- Reign: before 1280 – 1285/86
- Predecessor: Robert of Dramelay
- Successor: George I Ghisi
- Died: 1285/86
- Religion: Roman Catholic

= Guy of Dramelay =

Guy (II) of Dramelay (Guy de Dramelay; died 1285/86) was the third Baron of Chalandritsa in the Principality of Achaea in Frankish Greece, and also bailli of the Principality in 1282–85.

== Life ==
Guy was a scion of the Dramelay (or Trimolay, Tremolay) family from the namesake village in Burgundy, who had held the Barony of Chalandritsa since 1209, when a "G. of Dramelay" (possibly "Guy", in which case this would be Guy I) is attested among the signatories of the Treaty of Sapienza.
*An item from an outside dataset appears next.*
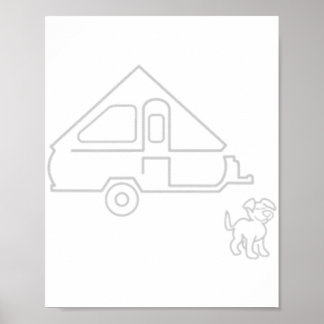 Aliner Travel Trailer A-frame Camper with Dog Poster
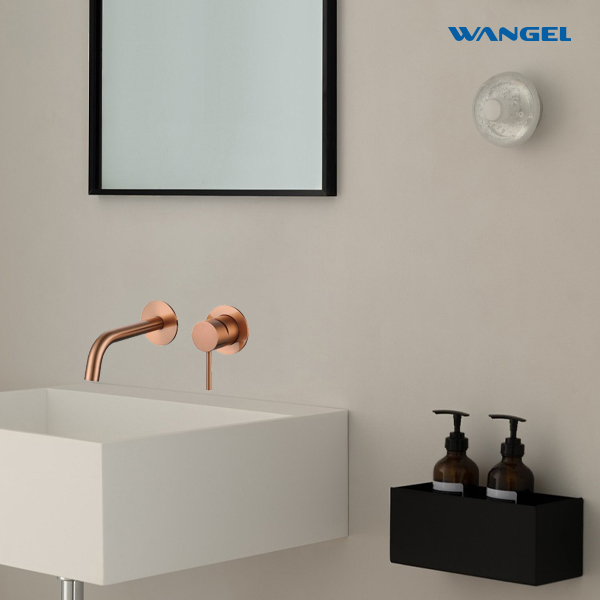 Rose Gold Wall-Mounted Basin Faucet - 图片 3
Many older histories, following Jean Alexandre Buchon and Karl Hopf, have Audebert de la Trémouille as the first baron. His successor, Robert, is attested ca. 1230. It was he who built the castle of Chalandritsa, according to the Greek and Italian versions of the Chronicle of the Morea. He was in turn succeeded by his son Guy (II). The Aragonese version of the Chronicle on the other hand reports a completely different story, according to which the castle of Chalandritsa had been built by Conrad of Aleman, Baron of Patras, and that it and other lands, comprising eight knight's fiefs, were purchased around 1259 by Prince William II of Villehardouin and given to a knight named Guy of Dramelay, who had only recently arrived in the Morea. While otherwise reliable, the Aragonese version is considered erroneous in this regard.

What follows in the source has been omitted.